The Ware Rooms got its name following extensive research into the history of Carliol Square. Whilst here spare a thought for Newcastle’s own Bill Sykes – a man called Henry Cunningham who is historically documented as being one of the city’s most infamous rogues. Want to know more?

The description in the Newcastle Courant of January 10, 1782 seems a familiar one. The ringleader of a gang of prolific thieves had just become an inmate of the Newcastle House of Correction, paying the price for his ill-gotten gains.

“He appears to be about 30 years of age, 5 feet 9 inches high, of a dark swarthy complexion, thin faced, has black dull eyes, long black rough hair, a small scar of a slight wound under his left eye, lately healed, a scar on his right jaw, and wants the first joints of the thumb and two first fingers of his right hand.

“His present dress is an old coarse slouched hat, a black silk neckcloth, a coarse blue half-wide coat, a fine light blue coat and waistcoat, and dirty buck or doe skin breeches.”

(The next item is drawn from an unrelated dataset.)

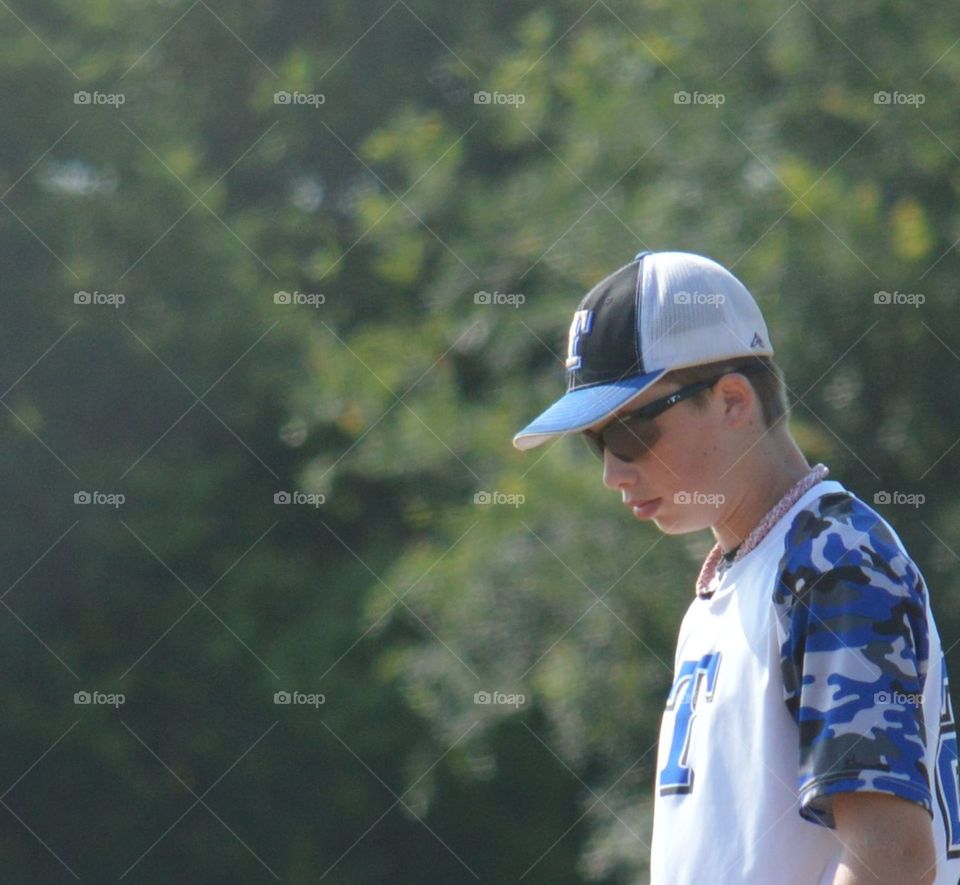 13 year old Texas baseball pitcher pre-pitch concentration. 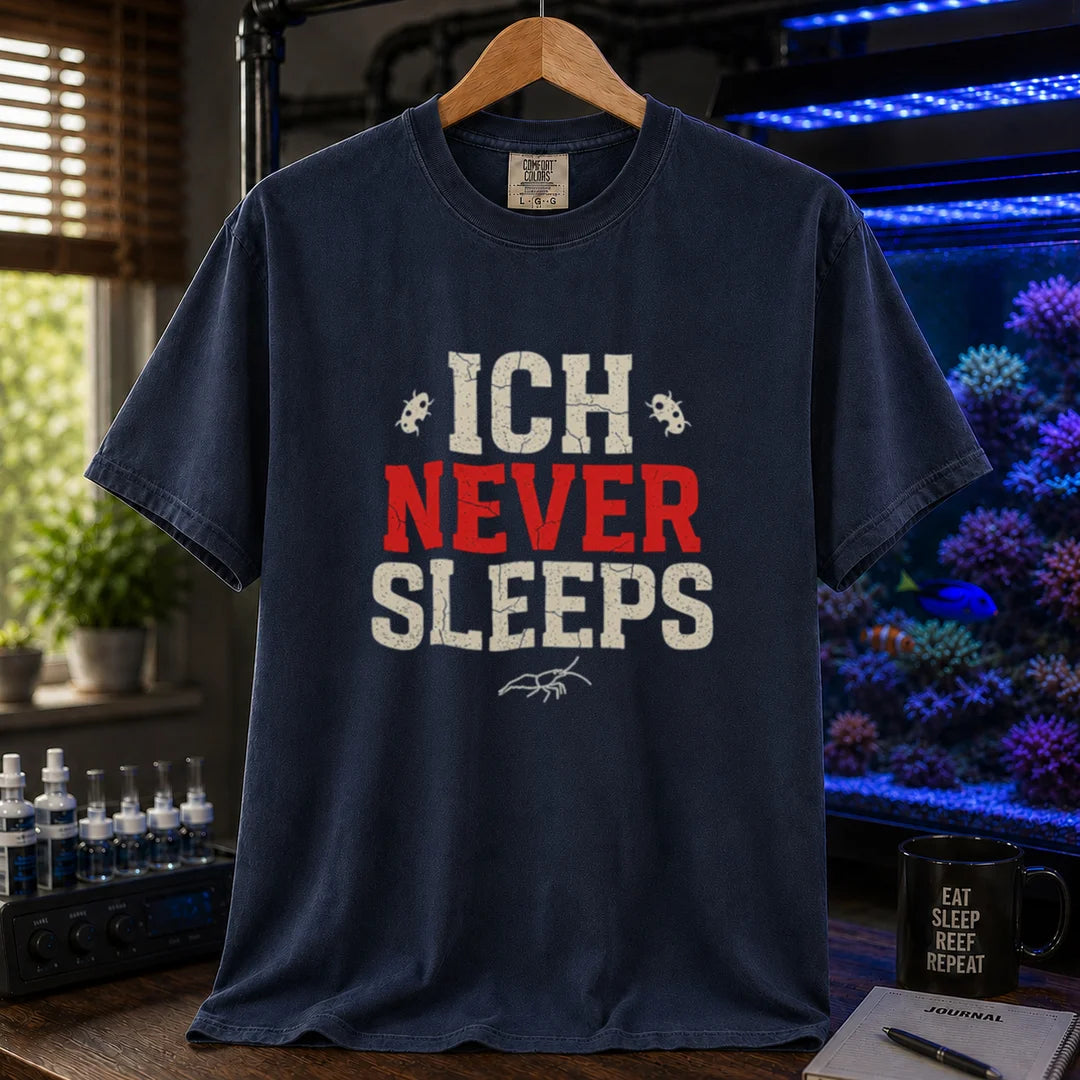 Saltwater aquarium graphic t-shirt featuring distressed typography reading Ich Never Sleeps in white and red with parasite icons on a navy shirt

Like something straight from the pages of Charles Dickens’ ‘Oliver!’ the detail of this shady underworld figure is vivid - it could almost be a description of Bill Sykes himself.

But instead, this is a man named Henry Cunningham, whose reputation for leading a gang of eighteenth-century pickpockets and petty criminals in the North East pervades even to this day.

The Ware Rooms is proud to help keep the legend of Henry Cunningham alive. Its building, in Carliol Square, occupies part of the site of the House of Correction – Cunningham’s former home, for a time at least – which was to be the last of the city’s prisons, before it closed in 1925.